If you want to try out the newest features that are not in an official release yet, you can install the unstable version from the main branch with the following command:
```sh
pip install git+https://github.com/deepset-ai/haystack.git@main#egg=haystack-ai
```
To be able to make changes to Haystack code, first of all clone this repo:
```sh
git clone https://github.com/deepset-ai/haystack.git
```
Then move into the cloned folder and install the project with `pip`, including the development dependencies:
```console
cd haystack && pip install -e '.[dev]'
```
If you want to contribute to the Haystack repo, check our [Contributor Guidelines](https://github.com/deepset-ai/haystack/blob/main/CONTRIBUTING.md) first.
## 🔰Demos
You can find some of our hosted demos with instructions to run them locally too on our [haystack-demos](https://github.com/deepset-ai/haystack-demos) repository:
:dizzy: **[Reduce Hallucinations with Retrieval Augmentation](https://huggingface.co/spaces/deepset/retrieval-augmentation-svb) - Generative QA with LLMs**
🐥 **[Should I follow?](https://huggingface.co/spaces/deepset/should-i-follow) - Summarizing tweets with LLMs**
🌎 **[Explore The World](https://haystack-demo.deepset.ai/) - Extractive Question Answering**
### 🖖 Community
If you have a feature request or a bug report, feel free to open an [issue in Github](https://github.com/deepset-ai/haystack/issues). We regularly check these and you can expect a quick response. If you'd like to discuss a topic, or get more general advice on how to make Haystack work for your project, you can start a thread in [Github Discussions](https://github.com/deepset-ai/haystack/discussions) or our [Discord channel](https://discord.gg/haystack). We also check [𝕏 (Twitter)](https://twitter.com/haystack_ai) and [Stack Overflow](https://stackoverflow.com/questions/tagged/haystack).
## 📏 Telemetry
## Telemetry
Haystack collects **anonymous** usage statistics of pipeline components. We receive an event every time these components are initialized. This way, we know which components are most relevant to our community.

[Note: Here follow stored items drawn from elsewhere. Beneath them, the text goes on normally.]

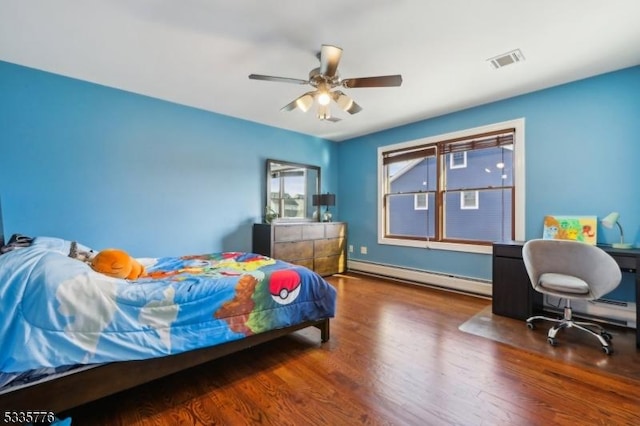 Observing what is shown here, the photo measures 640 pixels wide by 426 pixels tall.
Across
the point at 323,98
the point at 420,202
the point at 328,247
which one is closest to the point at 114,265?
the point at 323,98

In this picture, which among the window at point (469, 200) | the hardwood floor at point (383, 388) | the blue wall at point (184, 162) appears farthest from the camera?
the window at point (469, 200)

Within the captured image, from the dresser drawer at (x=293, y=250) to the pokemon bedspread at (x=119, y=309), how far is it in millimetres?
1843

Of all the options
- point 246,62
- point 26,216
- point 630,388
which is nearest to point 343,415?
point 630,388

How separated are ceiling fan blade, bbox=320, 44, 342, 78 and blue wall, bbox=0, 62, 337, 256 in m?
2.33

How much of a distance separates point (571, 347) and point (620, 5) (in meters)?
2.62

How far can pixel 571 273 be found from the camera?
2.55 meters

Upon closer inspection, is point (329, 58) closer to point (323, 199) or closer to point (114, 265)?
point (114, 265)

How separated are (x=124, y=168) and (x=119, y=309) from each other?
240 cm

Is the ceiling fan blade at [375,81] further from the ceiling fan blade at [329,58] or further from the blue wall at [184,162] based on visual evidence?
the blue wall at [184,162]

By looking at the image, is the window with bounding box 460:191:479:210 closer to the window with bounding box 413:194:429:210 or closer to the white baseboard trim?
the window with bounding box 413:194:429:210

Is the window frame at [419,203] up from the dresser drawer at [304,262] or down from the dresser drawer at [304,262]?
up

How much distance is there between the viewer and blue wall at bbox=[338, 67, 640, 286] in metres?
2.79

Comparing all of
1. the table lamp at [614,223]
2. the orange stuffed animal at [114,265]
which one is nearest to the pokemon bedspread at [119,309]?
the orange stuffed animal at [114,265]

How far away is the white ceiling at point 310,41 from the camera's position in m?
2.00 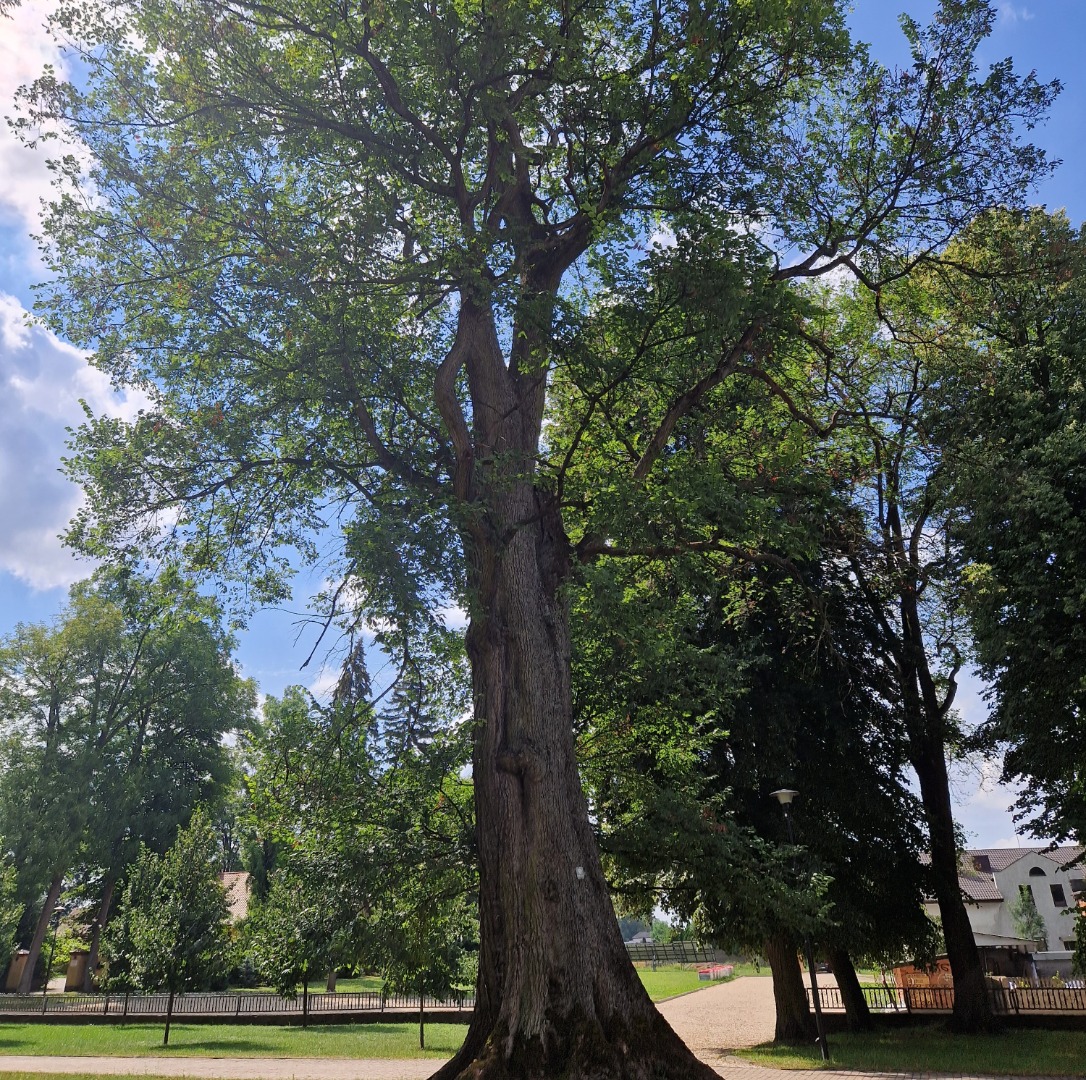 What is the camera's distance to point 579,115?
9.45 metres

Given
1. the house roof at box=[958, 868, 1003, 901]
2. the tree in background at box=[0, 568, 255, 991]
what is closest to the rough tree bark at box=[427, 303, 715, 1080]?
the tree in background at box=[0, 568, 255, 991]

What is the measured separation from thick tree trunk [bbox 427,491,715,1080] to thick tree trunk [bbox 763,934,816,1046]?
12.0m

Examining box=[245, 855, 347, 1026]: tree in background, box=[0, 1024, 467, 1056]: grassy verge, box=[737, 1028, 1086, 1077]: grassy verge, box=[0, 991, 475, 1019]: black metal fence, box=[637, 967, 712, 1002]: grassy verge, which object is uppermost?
box=[245, 855, 347, 1026]: tree in background

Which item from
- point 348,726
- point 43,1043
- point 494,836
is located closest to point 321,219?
point 348,726

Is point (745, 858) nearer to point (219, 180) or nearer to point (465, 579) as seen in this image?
point (465, 579)

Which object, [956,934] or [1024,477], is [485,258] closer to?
[1024,477]

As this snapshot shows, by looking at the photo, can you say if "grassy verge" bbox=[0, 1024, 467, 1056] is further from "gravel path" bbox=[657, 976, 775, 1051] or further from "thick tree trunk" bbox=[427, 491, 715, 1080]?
"thick tree trunk" bbox=[427, 491, 715, 1080]

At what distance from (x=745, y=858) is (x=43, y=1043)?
17.9 metres

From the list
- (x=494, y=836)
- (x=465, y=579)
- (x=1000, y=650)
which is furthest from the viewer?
(x=1000, y=650)

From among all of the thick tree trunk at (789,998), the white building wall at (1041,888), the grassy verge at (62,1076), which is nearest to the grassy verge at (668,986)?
the thick tree trunk at (789,998)

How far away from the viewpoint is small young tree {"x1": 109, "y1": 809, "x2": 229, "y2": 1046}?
21734mm

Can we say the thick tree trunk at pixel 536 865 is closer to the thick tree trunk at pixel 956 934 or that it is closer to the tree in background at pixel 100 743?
the thick tree trunk at pixel 956 934

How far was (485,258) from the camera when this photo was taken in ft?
30.5

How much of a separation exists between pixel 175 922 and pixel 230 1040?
326cm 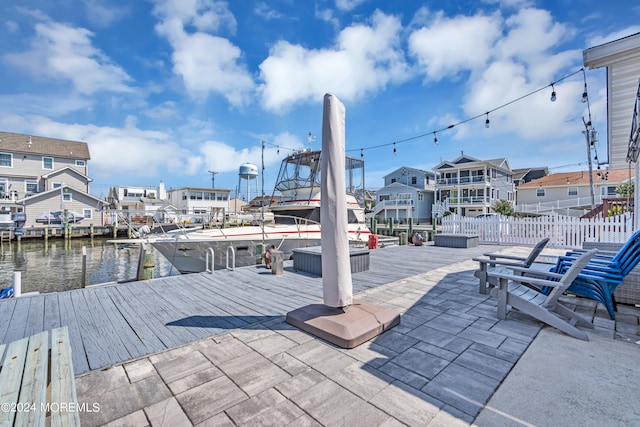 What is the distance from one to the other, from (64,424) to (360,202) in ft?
41.0

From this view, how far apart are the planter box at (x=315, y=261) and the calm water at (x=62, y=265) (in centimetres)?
424

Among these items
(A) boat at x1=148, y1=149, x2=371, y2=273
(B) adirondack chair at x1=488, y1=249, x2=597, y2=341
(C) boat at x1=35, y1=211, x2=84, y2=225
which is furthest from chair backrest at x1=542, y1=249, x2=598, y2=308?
(C) boat at x1=35, y1=211, x2=84, y2=225

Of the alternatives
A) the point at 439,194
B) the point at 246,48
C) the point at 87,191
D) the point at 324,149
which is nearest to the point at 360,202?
the point at 246,48

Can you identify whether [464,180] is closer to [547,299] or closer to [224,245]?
[224,245]

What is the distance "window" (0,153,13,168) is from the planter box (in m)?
32.4

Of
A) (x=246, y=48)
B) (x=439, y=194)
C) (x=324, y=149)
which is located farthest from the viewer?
(x=439, y=194)

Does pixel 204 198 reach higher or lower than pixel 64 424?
higher

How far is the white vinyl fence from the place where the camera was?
8109 millimetres

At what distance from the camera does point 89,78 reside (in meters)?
9.23

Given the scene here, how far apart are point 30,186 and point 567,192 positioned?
5083 centimetres

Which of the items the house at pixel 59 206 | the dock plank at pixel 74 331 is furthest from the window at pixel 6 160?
the dock plank at pixel 74 331

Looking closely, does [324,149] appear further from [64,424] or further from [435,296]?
[435,296]

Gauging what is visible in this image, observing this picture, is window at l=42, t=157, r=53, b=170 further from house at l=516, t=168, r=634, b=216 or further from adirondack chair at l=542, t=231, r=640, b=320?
house at l=516, t=168, r=634, b=216

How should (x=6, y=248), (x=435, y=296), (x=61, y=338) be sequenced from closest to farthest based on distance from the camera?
(x=61, y=338)
(x=435, y=296)
(x=6, y=248) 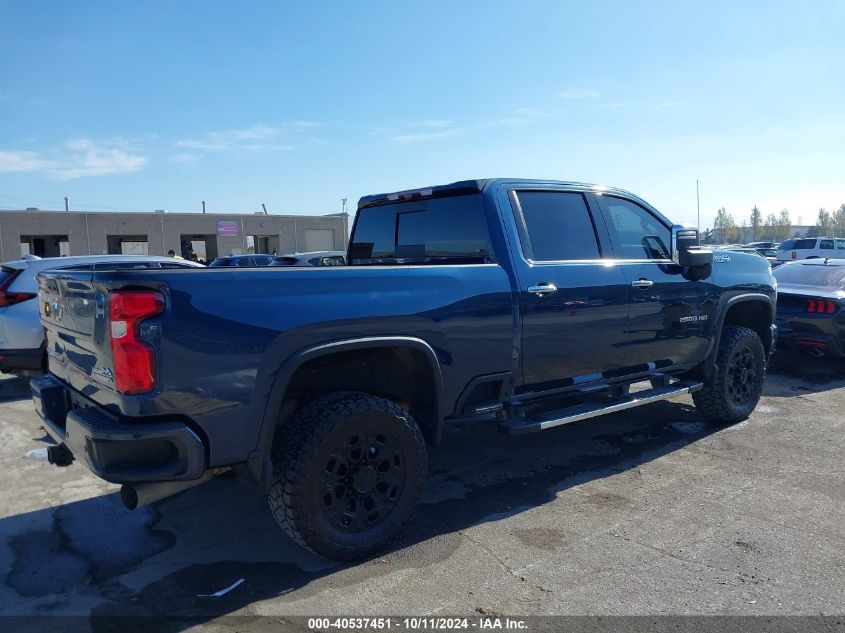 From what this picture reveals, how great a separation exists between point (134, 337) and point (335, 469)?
122cm

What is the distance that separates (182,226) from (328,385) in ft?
144

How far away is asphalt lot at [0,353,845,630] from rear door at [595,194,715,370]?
855 millimetres

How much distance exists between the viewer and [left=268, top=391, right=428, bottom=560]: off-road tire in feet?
10.8

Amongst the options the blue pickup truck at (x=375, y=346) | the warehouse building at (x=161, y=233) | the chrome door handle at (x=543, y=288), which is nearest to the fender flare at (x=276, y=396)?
the blue pickup truck at (x=375, y=346)

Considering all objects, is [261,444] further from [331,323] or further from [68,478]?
[68,478]

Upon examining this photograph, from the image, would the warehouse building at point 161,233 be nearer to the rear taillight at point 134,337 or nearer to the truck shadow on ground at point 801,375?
the truck shadow on ground at point 801,375

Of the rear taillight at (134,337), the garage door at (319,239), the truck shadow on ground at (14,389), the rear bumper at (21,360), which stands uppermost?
the garage door at (319,239)

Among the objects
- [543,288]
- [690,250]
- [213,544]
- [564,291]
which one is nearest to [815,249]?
[690,250]

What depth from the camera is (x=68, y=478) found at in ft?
15.9

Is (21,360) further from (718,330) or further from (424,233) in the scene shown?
(718,330)

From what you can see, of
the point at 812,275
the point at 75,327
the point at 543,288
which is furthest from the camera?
the point at 812,275

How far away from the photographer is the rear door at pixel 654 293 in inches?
197

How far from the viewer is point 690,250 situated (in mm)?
5184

Read more about telemetry in Haystack or how you can opt out in [Haystack docs](https://docs.haystack.deepset.ai/v2.0/docs/telemetry).
## 🖖 Community
If you have a feature request or a bug report, feel free to open an [issue in Github](https://github.com/deepset-ai/haystack/issues). We regularly check these and you can expect a quick response. If you'd like to discuss a topic, or get more general advice on how to make Haystack work for your project, you can start a thread in [Github Discussions](https://github.com/deepset-ai/haystack/discussions) or our [Discord channel](https://discord.gg/haystack). We also check [𝕏 (Twitter)](https://twitter.com/haystack_ai) and [Stack Overflow](https://stackoverflow.com/questions/tagged/haystack).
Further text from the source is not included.